En 10 ans, le smartphone "est devenu un e-doudou pour adultes"

- - José Lagos - AFP
Laurent Karila est psychiatre, addictologue, porte-parole de SOS addictions auteur du livre "Accro" et "Votre plaisir vous appartient" (éd. Flammarion).
"Le smartphone n'est qu'un outil technologique, mais comme il est performant, il fait tout et donne accès aux réseaux sociaux, aux appels, aux SMS illimités… C'est comme un e-doudou, il a un côté rassurant. C'est comme quand on était petit avec notre doudou. On dort avec, on se réveille avec, et même quand on a des insomnies la première chose qu'on fait c'est d'allumer son smartphone. Même sans souffrir de vrais addictions, les gens restent accrochés à leur smartphone: on ne peut pas sortir sans, on ne peut s'empêcher de checker ses mails ou d'aller sur les réseaux sociaux.

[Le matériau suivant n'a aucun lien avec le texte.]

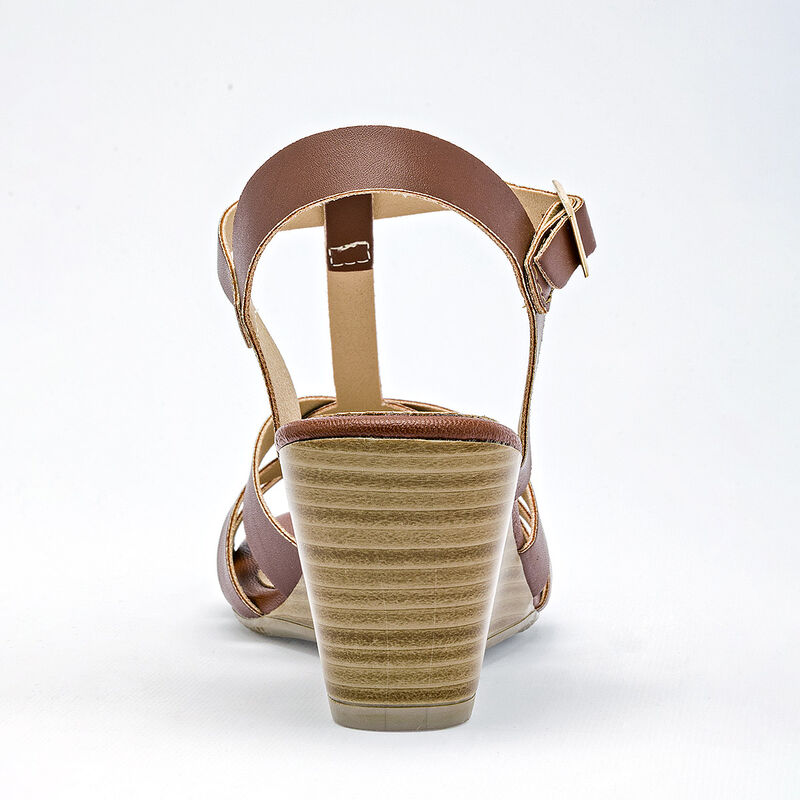 Paulie sandalia cu&ntilde;a para mujer camel cod 14076... image number null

"L'angoisse de la séparation"
Il y a plusieurs types d'angoisses liées au smartphone. D'abord, la "techno angoisse de séparation". Quand on n'a pas son smartphone, on a des grosses angoisses, avec d'authentiques symptômes. Il y a l'angoisse d'être déconnecté quand on se rend dans des endroits sans réseau. Il y a l'angoisse de ne plus avoir de batterie. D'ailleurs, tout un commerce de batteries externes s'est développé. Il y a enfin l'angoisse de rater une information, c'est le syndrome FOMO (fear of missing out, en anglais, la peur de rater quelque chose). Ne pas être au bon moment sur la bonne information, le bon échange. Il y a aussi le phénomène des vibrations ou des sonneries fantômes (on croit que son téléphone vibre ou sonne). Ça peut arriver à tout le monde, c'est quand c'est très répété que ça devient handicapant.
"Le risque? Une société où plus personne ne se parle"
Ça peut nous gâcher la vie, oui, mais de manière indirecte. Vu qu'on fait tout avec, on peut faire des achats compulsifs, on peut aller sur des sites pornos… D'ailleurs, chez les gens qui viennent me voir en consultation, la raison principale n'est pas le smartphone. Chez eux, il n'est qu'un intermédiaire qui va faciliter leur addiction. Ce sont des acheteuses pathologiques, ou des sex addicts…
Le risque effectivement, c'est une société où tout le monde aura les yeux rivés sur son smartphone. C'est une vision pessimiste, mais effectivement, il y a un risque de situations sociales où plus personne ne se parle et où les échanges ne se font plus que par SMS. C'est un phénomène générationnel, mais qui atteint tous les âges petit à petit.
"Tout le monde n'est pas addict, heureusement"
Je pense toutefois qu'on va s'adapter à l'outil. Il y a toujours une petite partie de la population qui est plus vulnérable et qui va développer des comportements addictifs. Mais tout le monde n'est pas addict, heureusement.
Il ne faut pas de cours obligatoires pour apprendre à utiliser son smartphone, mais en tout cas, le smartphone doit faire l'objet d'une attention particulière et doit être considéré comme les autres addictions comportementales".